Over the Hedge

3 out of 5

Directed by: Tim Johnson and Karey Kirkpatrick

When I first looked up ‘Over the Hedge’ on wikipedia, the first listing was for ‘a syndicated comic strip written by Michael Fry and drawn by T. Lewis’ that debuted in 1995.  I… had no idea.  That doesn’t change anything about my reception of the movie – which is a generic, anthropomorphic passing of time – but, eh, it’s sort of amusing in the “nothing’s original” state of mind.

Over the Hedge came in what could be considered the second-ish wave of CGI kids films, and fairly late into it, by which point the technology had been mostly proven (though of course there were plenty of advancements to come) and it was the de facto animation style, meaning a good chunk of things were no longer notable, rather just yer everyday kids flick, with a scamp or rogueish character, and a straight-man character, and an oddball, and a moral.

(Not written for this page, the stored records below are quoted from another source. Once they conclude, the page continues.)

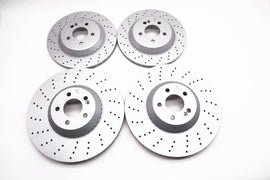 Mercedes S Class S550 S560 S450 front & rear brake rotors TopEuro #2204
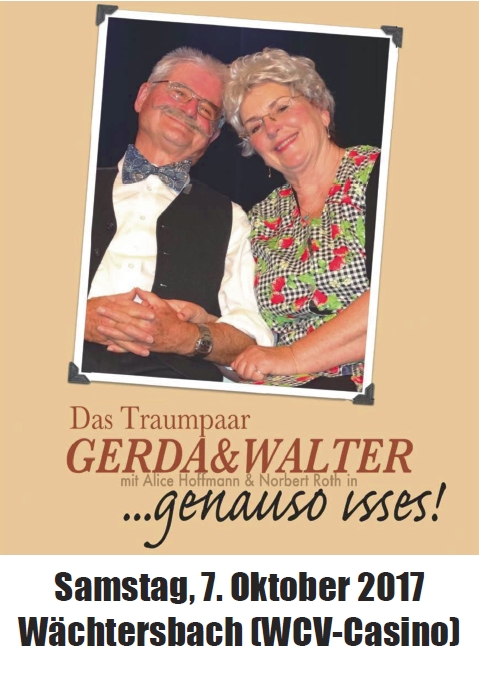 Gerda und Walter Plakat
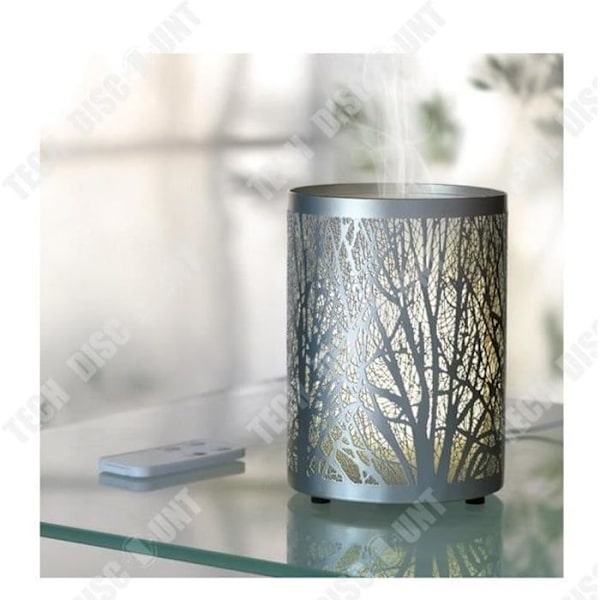 TD® Duftlampe med LED-lys, økologisk aroma, indretning, multifunktionel atmosfære, aromadiffuser, elegant duft.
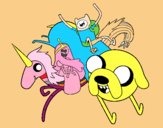 Finn y Jake con la Princesa Chicle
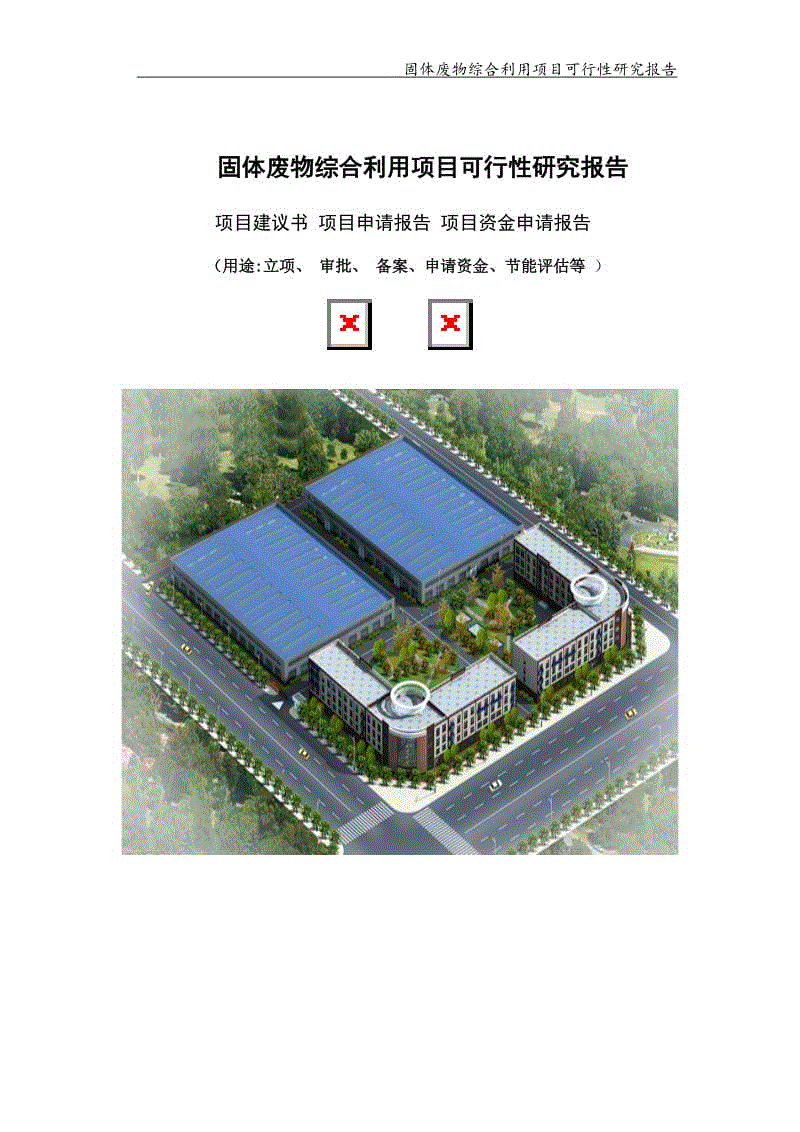 固體廢物綜合利用項目可行性研究報告【可編輯案例】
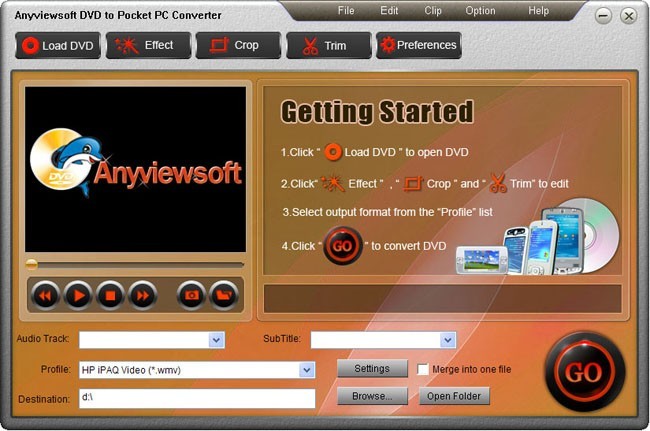 Anyviewsoft DVD to Pocket PC Converter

Our scamp is RJ, a raccoon (voiced by Bruce Willis in a sincerely delightfully dedicated manner); the straight man is Vern, a turtle (Garry Shandling), leader of a friendly troupe a celebrity-voiced forest dwellers which RJ leads astray; the oddball is the hyperactive squirrel, Hammy (Steve Carrell); the moral is when RJ realizes that leading innocents astray is, in digestible kid movie terms, the way to end up alone.  Some of the gags and slapstick humor are pretty good, with the requisite parent-baiting references to classic movies and whatnot, but the other requisite is to have some childish humor, and that’s here too, though in an absolutely tolerable quantity.  The best part of the flick, though, is before it takes shape: when RJ is plotting to steal the resident bear’s stash of food (voiced by a typically gruff Nick Nolte; the nighttime setting and one-upping of the antics feel fresh and Looney Tunes-ish, but once RJ loses the stash, and is then threatened by the bear with a deadline for getting it all back – cue taking advantage of the local critters, coercing them into stealing from the neighborhood – the beats the movie must hit to bring RJ around to the Good Side are as predictable as ever.  However, Over the Hedge does hold on to some of that Looney Tunes sensibility throughout, especially in its simplistic treatment of its human characters and the animal vs. animal mayhem.

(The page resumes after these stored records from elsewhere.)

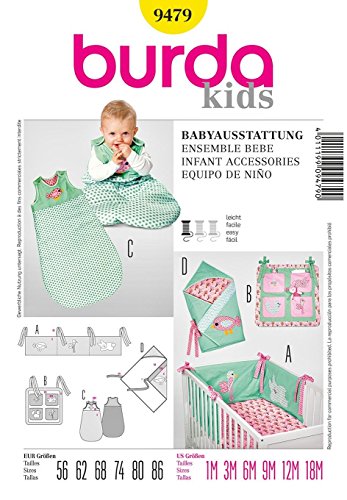 burda-style-9479-schnittmuster-babyausstattung-gr-56-86-nestchen-schlafsack image 2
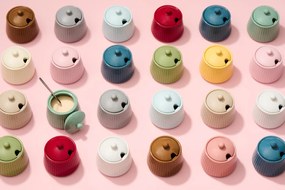 IB Laursen Ceramiczna cukiernica MYNTE LEMONADE żółta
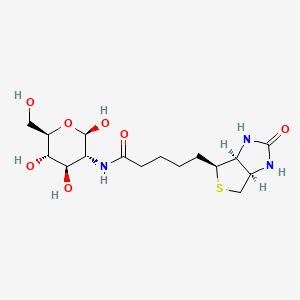 Glucosamine Cbiotin adduct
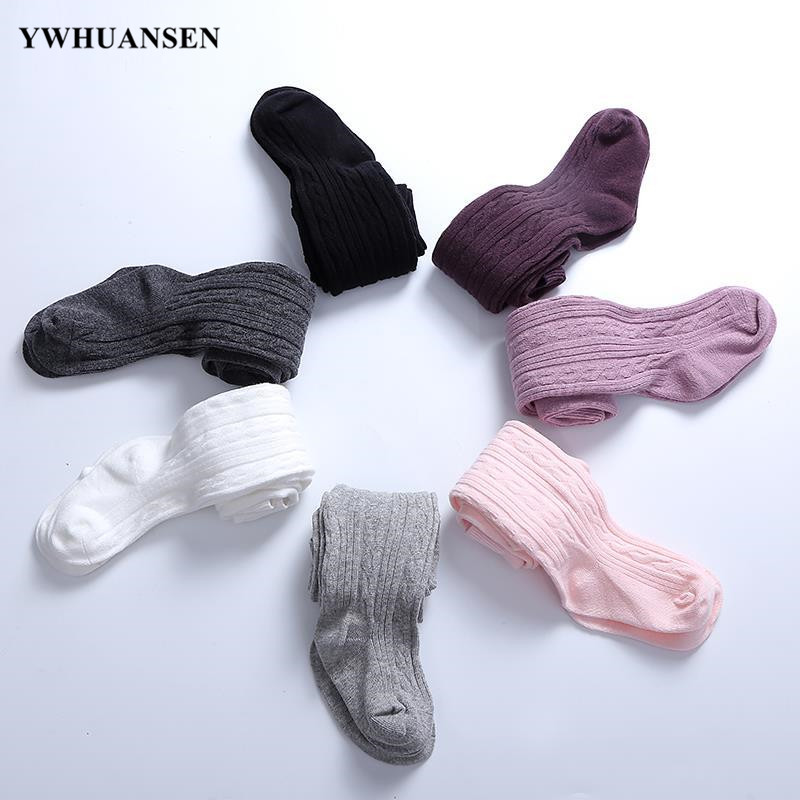 Baby Clothing Crochet - YWHUANSEN 0 に 12 歳コーマ綿子供のタイツケーブルニット女の子ストッキング高品質暖かいタイツ女の赤ちゃん服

Animation-wise, RJ benefits from Bruce’s lively voicing, but all of the main characters are personable.  The setting, mostly outdoors, is pretty stagnant; we’re not at the ‘lush’ stage of animation yet, so while you can see all the blades of grass and leaves and the occasional action sequences are frantic, nothing much moves if it’s not required to, and everything’s nice and bubbly.

Your mileage with the Ben Folds soundtrack will vary, but the songs are used sparingly for montage and title sequences.

Bluray notes: Some standard behind the scenes bits, the accompanying animated short with optional commentary, film commentary from directors / producers, and a slightly more in depth technical behind-the-scenes.  The latter two are probably the most worthwhile, although the technical behind-the-scenes covers most of what’s interesting – making it clear where CGI technology was at this point – with the feature length commentary occasionally discussing difficulties of shots, or pointing out single takes, but more often just talking about favorite scenes.